TERCENTENARY CELEBRATIONS
M A I N   N E W S

Musharraf’s pardon to Khan a political choreography
Rajeev Sharma
Tribune News Service

New Delhi, February 7
An important thing that is being lost in the din of l’affaire Dr Abdul Qadeer Khan is that it will be wrong to blame Dr Khan as a “rogue scientist”. Actually, it is the system in Pakistan that is flawed.

The whole drama of Dr Khan rushing to see Pakistan President Pervez Musharraf with a mercy petition and Gen Musharraf’s eventual pardoning him is shrewdly choreographed.

Dr Khan ran illegal clandestine network for decades to make Pakistan a nuclear-capable nation and pursued the policy of beg, borrow or steal to achieve the objective.

It was not as if Dr Khan and his scientist cronies alone were behind Pakistan’s nuclear programme and proliferation. It is the entire state of Pakistan that has been running the proliferation racket.

The reason behind Gen Musharraf’s pardon is obvious: he has sacrificed the Father of Pakistan’s bomb to save the military.

External Affairs Minister Yashwant Sinha’s remarks yesterday that Pakistan’s nuclear controversy was “not an internal matter of Pakistan”, but “a matter for the international community”. The fact that Mr Sinha’s remark came in response to a question at a joint press conference with the visiting British Foreign Secretary, Mr Jack Straw, is significant.

The inquiry into the transfer of technology to some countries by Pakistani scientists should explain Islamabad’s resistance to signing the Non-Proliferation Treaty (NPT).

The results of this inquiry, MEA sources say, should leave nobody in doubt that the transfer took place under a policy decision by military and civilian leaders which they started pursuing possibly in connivance with the administration of President George Bush senior in mid-1980s.

That was the time when the USA was willing to overlook crimes of Pakistani generals because it needed them for its fight against the Soviet Union in Afghanistan. President Bush was issuing certificates saying Pakistan was not engaged in any clandestine effort to make a nuclear bomb.

These certificates were coming even though, as the world learnt later, Pakistan had already made nuclear bomb.

Jamaat-e-Islami developed close relations with the GHQ during General Zia-ul-Haq’s rule.
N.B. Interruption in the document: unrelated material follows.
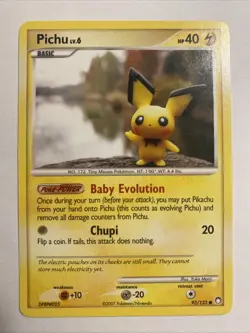 Pokemon Pichu TCG Mysterious Treasures Card 93/123 Regular Common - Image 1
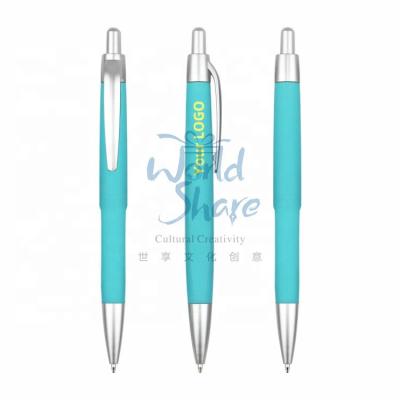 China Promotional Pen WorldShare wholesale School plastic rubber coated click OFFI CE use Promotional Pen Ball Point Pen with custom logo for sale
The then chief of the Jamaat, Tufail Mohammad, was said to be a maternal uncle of Gen Zia. The doors of the GHQ were thrown open to the Jamaati teams. That gave it a chance to indoctrinate army officers so much so that some of them began sporting beards to publicise what school of Islamic thought they followed. For many Pakistan watchers, the Jamaat provides a window to the thinking of the army and the ISI.

Jamaat’s chief Qazi Hussain Ahmed’s two interviews with the BBC (Urdu) a few days back may be a reflection of what a section of the army thinks about the current investigations against nuclear scientists, including Dr Qadeer Khan.

He said these was found nothing wrong in transferring nuclear technology since Pakistan had not signed the NPT. Dr Khan had committed no crime, he said.

Qazi Ahmed said he had telephoned Dr Khan to inquire about his health. Dr Khan told him he had not made any confessional statement. Qazi recalled that when he met him a day before the SAARC summit, he said he was willing to attend any public meeting or a press conference called by the Jamaat to explain charges of his involvement in nuclear proliferation.

But now, said Qazi, Dr Khan could not come out of his house to join any public meeting. The Muttahida Majlis-e-Amal (MMA) is to launch a series of public meetings and processions in protest against the US pressure in the investigations against nuclear scientists.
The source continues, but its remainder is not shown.